Agrega, que la entidad empleadora, luego de la apertura de la convocatoria No. 001 de 2005, reportó el cargo en mención como “vacante” ante la Comisión Nacional del Servicio Civil; siendo, que según la gestora, el mismo no pertenecía a ningún grupo, ni etapa de la oferta pública de empleos de carrera - OPEC -. En ese orden, considera la tutelante que las convocadas le quebrantan las garantías superiores aludidas al proveer de manera definitiva la plaza que venía desempeñando con la lista de elegibles que resultó de ese concurso; pues ella no participó dado que ese puesto laboral no fue ofertado al inicio del proceso.
Por último indica, que se debe velar por el respeto y la protección de los empleados en provisionalidad, tal y como lo manifestó la Corte Constitucional al pronunciarse frente a la planta de personal que estaba en dicha condición en la Fiscalía General de la Nación. 3. A la luz de los anteriores planteamientos pide, entre otras cosas, que se le ordene al SENA respetar su situación hasta la apertura de una nueva convocatoria en la que pueda participar en igualdad de condiciones y; además, que la Comisión Nacional del Servicio Civil inicie un nuevo proceso selectivo para los cargos no propuestos con anterioridad.
LA SENTENCIA IMPUGNADA El Tribunal denegó la protección deprecada; toda vez que “la accionante se presentó al concurso de la convocatoria 001 de 2005, por ello no es de recibo pretender accionar según el desarrollo de las circunstancias”, además, en el actuar de los denunciados no se evidencia violación a los derechos invocados, más bien se infiere cierto inconformismo de la petente con la génesis del concurso.
LA IMPUGNACIÓN La gestora impugnó la decisión de primera instancia con argumentos similares a los expuestos en el escrito primigenio; y agregó, que si bien es cierto participó en el concurso aludido no lo hizo para el cargo que actualmente ocupa en provisionalidad, pues el mismo fue ofertado mucho después de la apertura del aludido proceso selectivo, dado que no se encontraba vacante para esa fecha.
Por otro lado, dice que en un asunto similar al suyo se concedió la tutela como mecanismo transitorio para evitar un perjuicio irremediable, de manera que no entiende como en su caso se negó el amparo.

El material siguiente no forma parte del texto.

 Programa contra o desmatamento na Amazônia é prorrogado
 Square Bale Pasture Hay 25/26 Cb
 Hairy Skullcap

CONSIDERACIONES 1. Es preciso recordar que la acción de tutela consagrada en el artículo 86 de la Constitución, es un mecanismo residual de carácter excepcional y subsidiario, para la protección de los derechos fundamentales de las personas, que se encuentren amenazados o vulnerados por las acciones u omisiones de las autoridades y en determinados eventos por los particulares, en consecuencia no puede ser utilizado por el afectado cuando disponga de otro medio eficaz de defensa judicial. 2.
Del examen del caso concreto a la luz de lo anterior se establece sin mayor esfuerzo, la improcedencia de la protección constitucional impetrada, ya que para cuestionar la legalidad del concurso abierto por la Comisión Nacional del Servicio Civil mediante convocatoria No. 001 de 2005 y el desarrollo del mismo están establecidas las acciones ante la Jurisdicción Contenciosa Administrativa.

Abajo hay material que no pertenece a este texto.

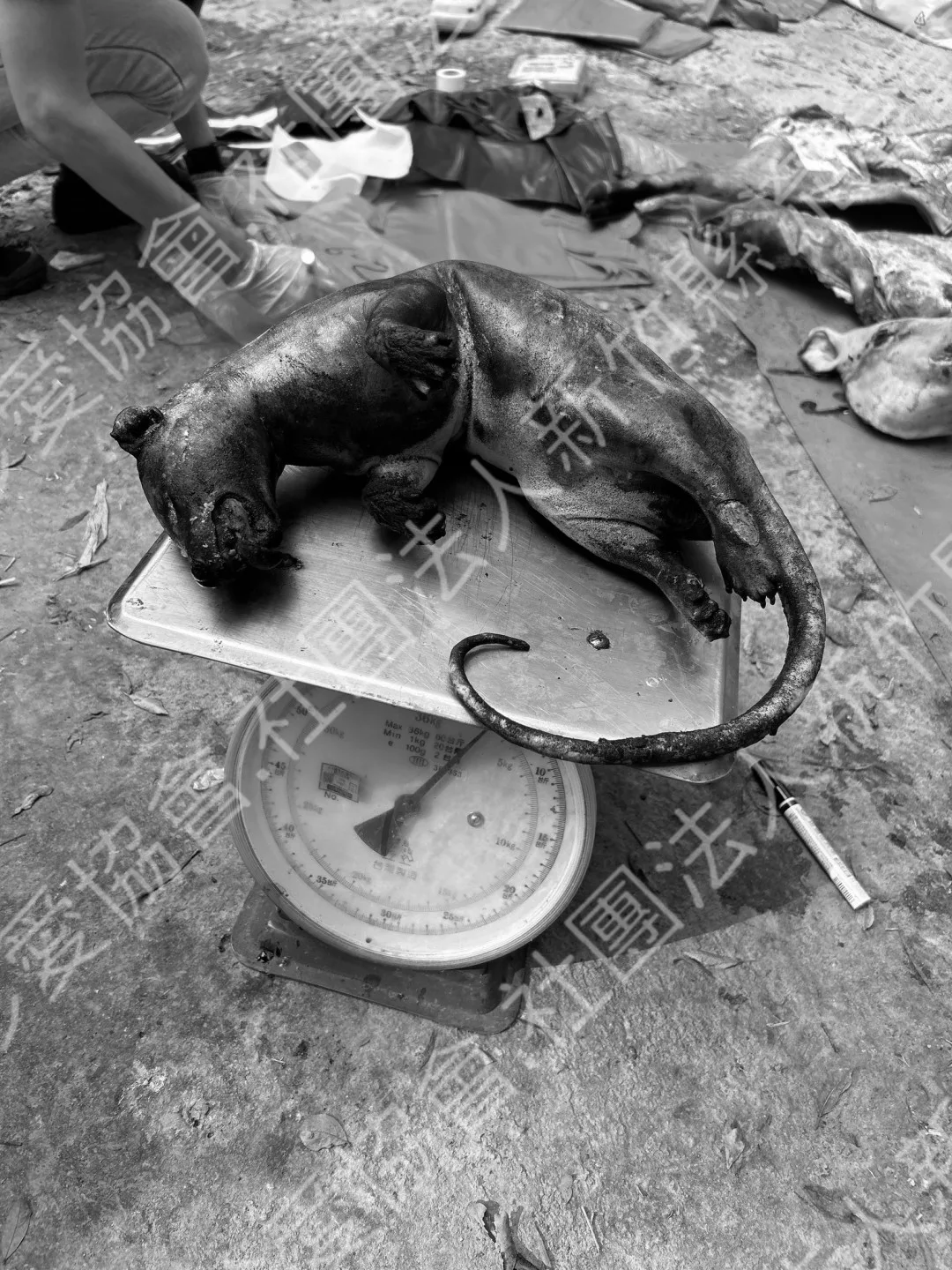 現場查獲冷凍的動物。新竹縣流浪動物珍愛協會提供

Desde esa perspectiva, surge claro que la solicitud tutelar impetrada no puede abrirse paso, pues la acción que ocupa la atención de la Sala fue erigida con un carácter netamente residual que comporta, a no dudarlo, su fracaso cuando la persona presuntamente agraviada en sus derechos fundamentales tenga o haya tenido a su alcance algún mecanismo idóneo de defensa judicial, circunstancia que está contemplada como causal de improcedencia en el inciso 3º del artículo 86 de la Constitución Política en concordancia con el numeral 1º del artículo 6º del Decreto 2591 de 1991. 3.
En un caso de aristas similares, la Sala sostuvo que, “el acceso a los empleos públicos debe hacerse a través de un proceso de selección que privilegie el mérito como factor determinante, siendo imperativo e imprescindible que se realice una convocatoria pública, en la que se fijen las reglas de juego que regulen el concurso, con sujeción a la Constitución y a la ley.

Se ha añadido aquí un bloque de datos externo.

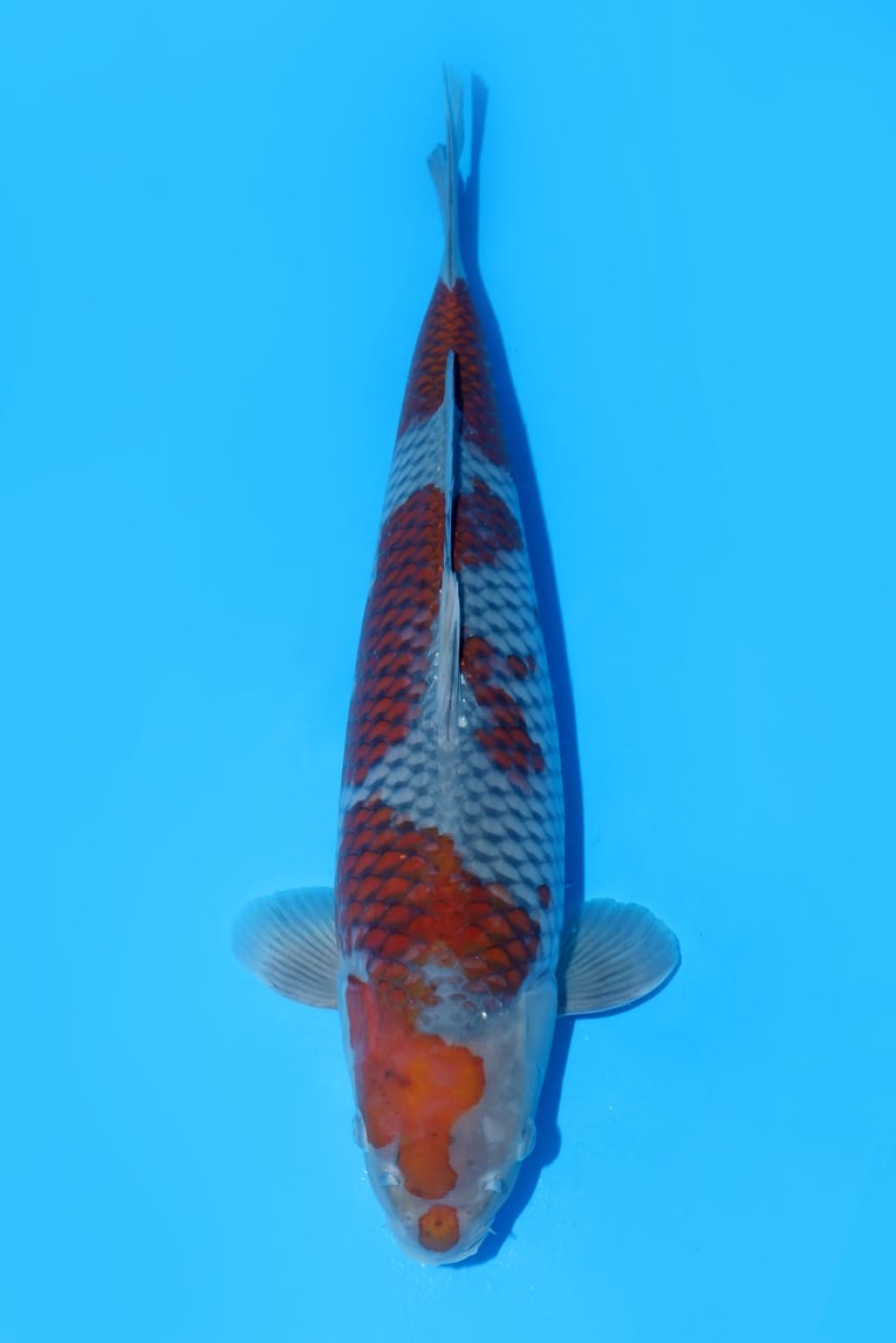 Juara 1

Es claro, entonces, que la convocatoria constituye el instrumento normativo, por excelencia, que garantiza el acceso a tales empleos de todos los aspirantes en igualdad de condiciones y, una vez consumada la inscripción, quedan sujetos a las pautas establecidas en ella, so pena de que su alteración rompa ese equilibrio, salvo que ésta sobrevenga por una decisión judicial legalmente ejecutoriada.
Pues bien, en el evento de que alguno de los participantes esté en desacuerdo con dichas pautas, el cauce adecuado para impugnarlas, por regla general, es la demanda de nulidad de la convocatoria o del acto jurídico en el cual se fundamenta, ante el juez competente, por tratarse de un acto administrativo de carácter general, impersonal y abstracto, no susceptible, en principio, de la acción de tutela, por su naturaleza residual”. 4.
En cuanto al derecho a la igualdad, no se demostraron las circunstancias específicas, que le permitieran a la Corte hacer la comparación necesaria para luego determinar si esa prerrogativa, fue realmente socavada. 5. Conforme con lo discurrido, se impone la confirmación del fallo de primer grado. DECISIÓN En mérito de lo expuesto, la Corte Suprema de Justicia, en Sala de Casación Civil, administrando justicia en nombre de la República y por autoridad de la ley, RESUELVE:
PRIMERO: CONFIRMAR la sentencia de fecha y lugar de procedencia anotada.
SEGUNDO: Notifíquese lo así decidido, mediante comunicación telegráfica, a todos los interesados y remítase oportunamente el expediente a la Corte Constitucional para su eventual revisión.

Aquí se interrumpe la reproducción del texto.